Staudacher: Wenn ein Mensch alle seine Wünsche erfüllt hat, ist er dann glücklich? Wir sagen ja „wahres Glück“. Und das hat doch eher damit zu tun, ob wir unser Menschsein verstehen lernen. Ob wir dem Leben in seinem tiefen Grund nahe kommen, der Wahrheit Gottes in Freude und Schmerz. Ich spüre es so: Es gibt nichts auf Erden, was abgeschlossen ist. Diese Welt mit ihrer Vergänglichkeit ist nur die halbe Wirklichkeit, die andere Hälfte steht noch aus. Das zu verstehen und zu leben, ist ein Geschenk. Betagte Menschen, die schon mehr drüben sind als hier, zeigen uns das. Ihre Gedanken kreisen nicht mehr um das, was man auf dieser Welt erleben kann. Sie freuen sich schon, hinüber zu gehen, oder wissen zumindest ganz tief, dass diese jetzige Lebenszeit nur der Anfang ist. In der Begegnung mit Schmerz und Trauer wird mir auch klar, dass wir die Welt nicht verstehen können, solange die andere Hälfte nicht da ist.
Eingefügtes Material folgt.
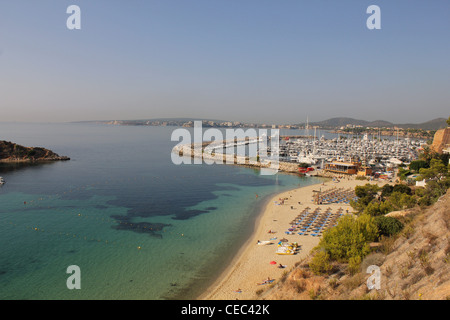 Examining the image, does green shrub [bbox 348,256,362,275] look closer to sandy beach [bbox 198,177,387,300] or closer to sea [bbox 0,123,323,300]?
sandy beach [bbox 198,177,387,300]

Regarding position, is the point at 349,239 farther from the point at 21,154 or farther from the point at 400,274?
the point at 21,154

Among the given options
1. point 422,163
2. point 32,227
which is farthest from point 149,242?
point 422,163

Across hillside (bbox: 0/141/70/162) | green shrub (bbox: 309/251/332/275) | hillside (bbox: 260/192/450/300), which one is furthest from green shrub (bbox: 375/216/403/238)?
hillside (bbox: 0/141/70/162)

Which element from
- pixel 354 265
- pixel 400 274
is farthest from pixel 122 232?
pixel 400 274

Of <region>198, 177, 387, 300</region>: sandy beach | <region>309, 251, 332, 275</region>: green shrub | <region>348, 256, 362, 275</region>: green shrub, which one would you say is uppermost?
<region>348, 256, 362, 275</region>: green shrub

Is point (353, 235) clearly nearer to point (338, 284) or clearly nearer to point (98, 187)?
point (338, 284)

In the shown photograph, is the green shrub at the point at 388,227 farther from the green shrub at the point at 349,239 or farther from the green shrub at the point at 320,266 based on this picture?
the green shrub at the point at 320,266

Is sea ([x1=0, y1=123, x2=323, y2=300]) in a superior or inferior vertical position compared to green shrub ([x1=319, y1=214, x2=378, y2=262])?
inferior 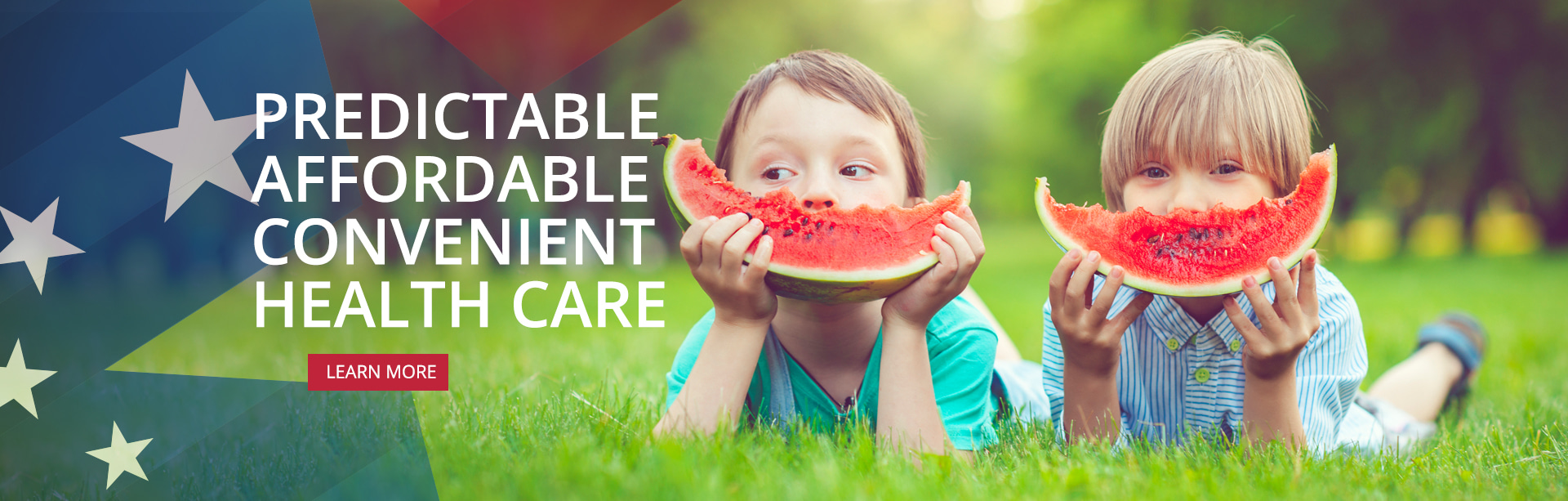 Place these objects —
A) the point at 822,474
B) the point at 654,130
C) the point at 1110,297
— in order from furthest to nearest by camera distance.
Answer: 1. the point at 654,130
2. the point at 1110,297
3. the point at 822,474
Was können wir vom Geist erbitten?
Staudacher: Menschen, die Schmerzliches erlebt haben, helfen uns, das Evangelium wieder besser zu entdecken. Dass wir zum Beispiel das Leid Jesu in seiner Bedeutung wieder betrachten lernen. Dass wir auch das Dunkle der Sünde wieder mehr erkennen und sehen, dass die Welt von Gott oft so weit weg ist. Dann verstehen wir auch, dass Gottes Geist uns nicht zu irgendwelchen Höhenflügen führen will, sondern, wie Paulus es sagt, ins Seufzen hi-nein. Unser Leben ist etwas Unvollendetes, Brüchiges, aber wir dürfen es offen halten für das, was noch kommt in der Zeit und am Ende der Zeit
Ihr Wunsch für die Leserinnen und Leser des „Sonntag“ und für sich selbst?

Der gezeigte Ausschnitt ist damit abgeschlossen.